> _MATERIAL PROVIDED_:
↓
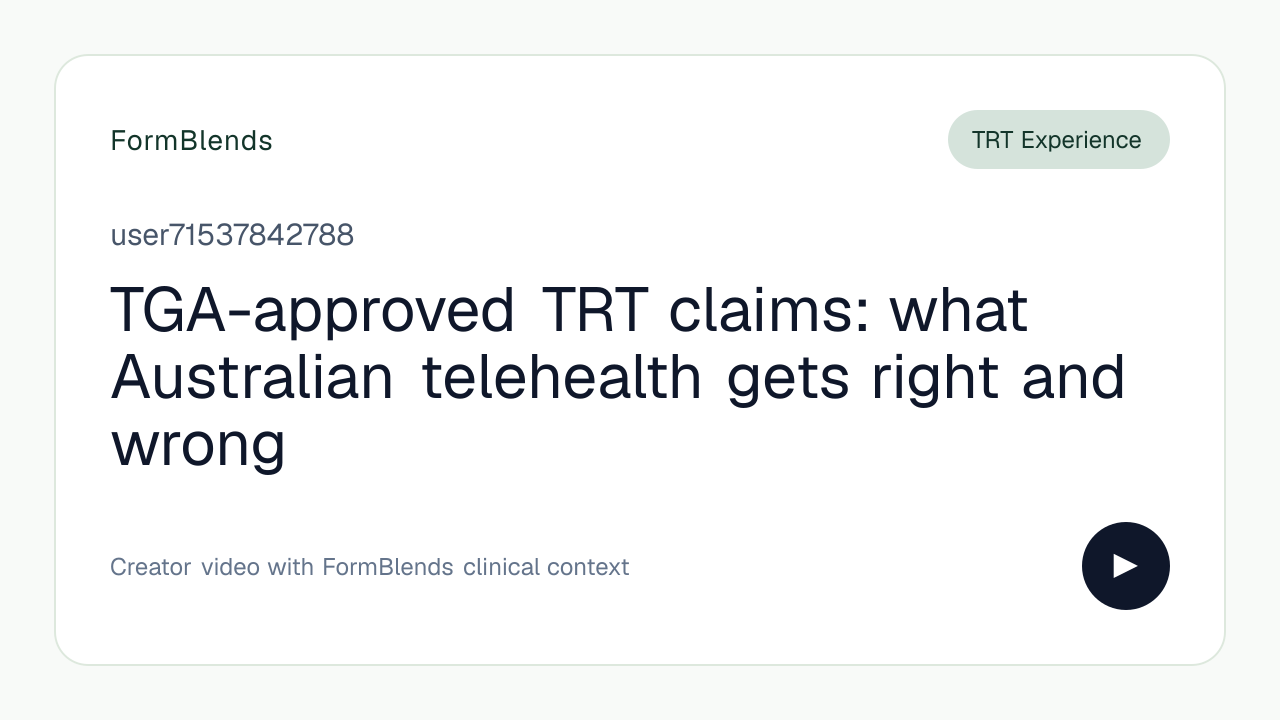 TGA-approved TRT claims: what Australian telehealth gets right and wrong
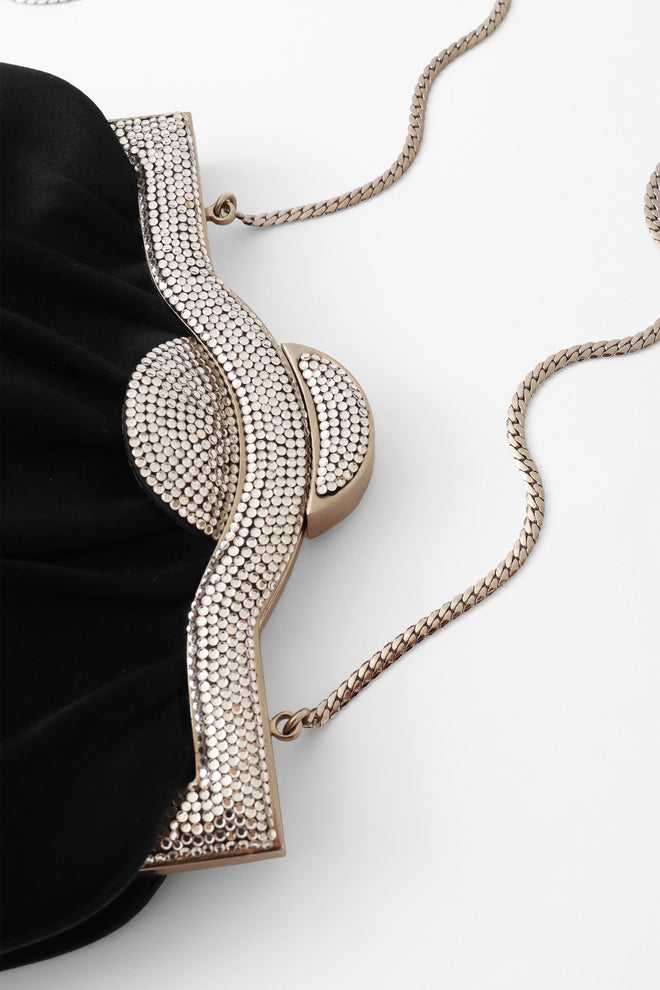 Satin Rhinestone Frame Bag by Judith Leiber frame close @ Recess LA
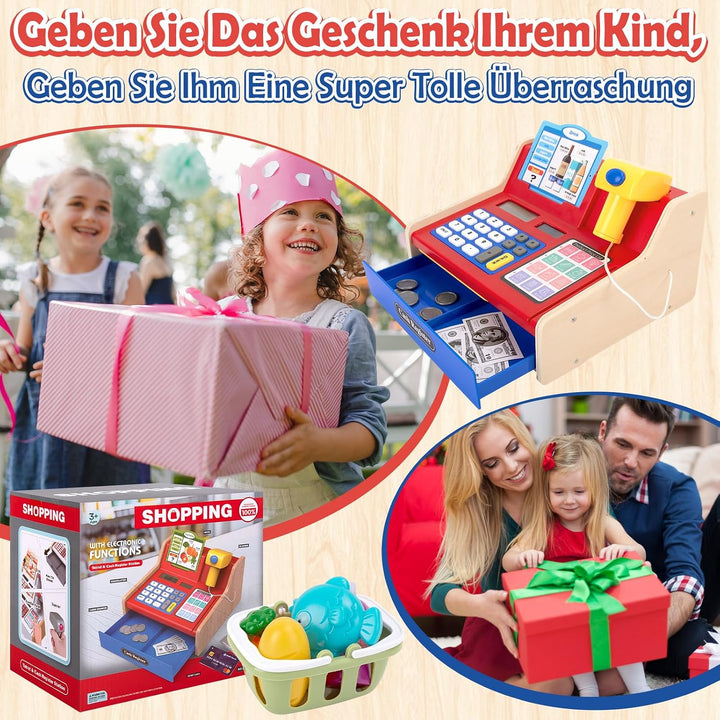 JONRRYIN Holz Kasse Kinder Spielzeug, Spielkasse Kinderkasse mit Scanner &amp; Sound, Spielgeld Einkaufs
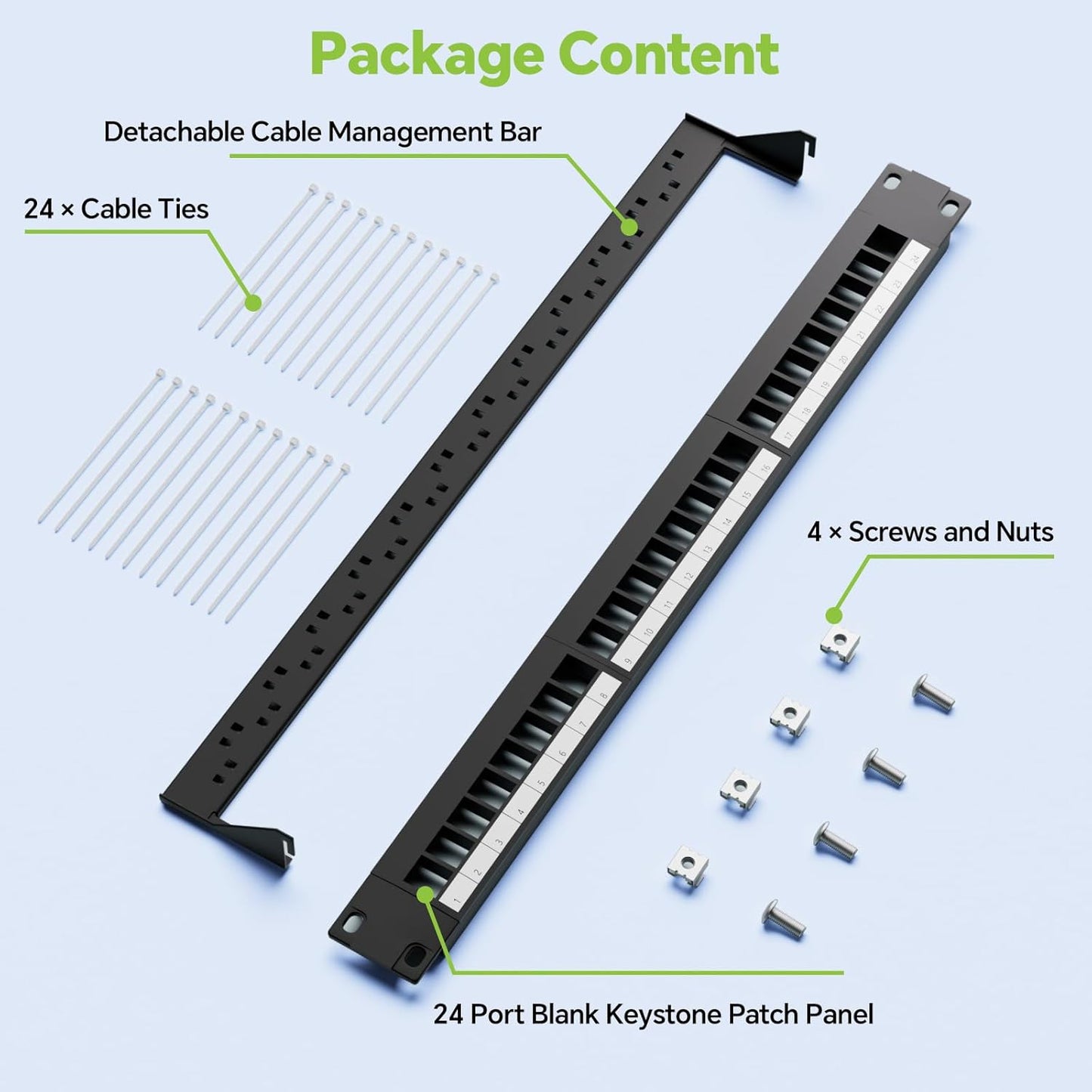LEENUE 1U Cat6 24 Port Blank Keystone Patch Panel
↑
> _ACTIVITY_: Go through the material above and retype every line exactly, without the images.

> _THE COMPLETED TASK_:
 TGA-approved TRT claims: what Australian telehealth gets right and wrong
 Satin Rhinestone Frame Bag by Judith Leiber frame close @ Recess LA
 JONRRYIN Holz Kasse Kinder Spielzeug, Spielkasse Kinderkasse mit Scanner &amp; Sound, Spielgeld Einkaufs
LEENUE 1U Cat6 24 Port Blank Keystone Patch Panel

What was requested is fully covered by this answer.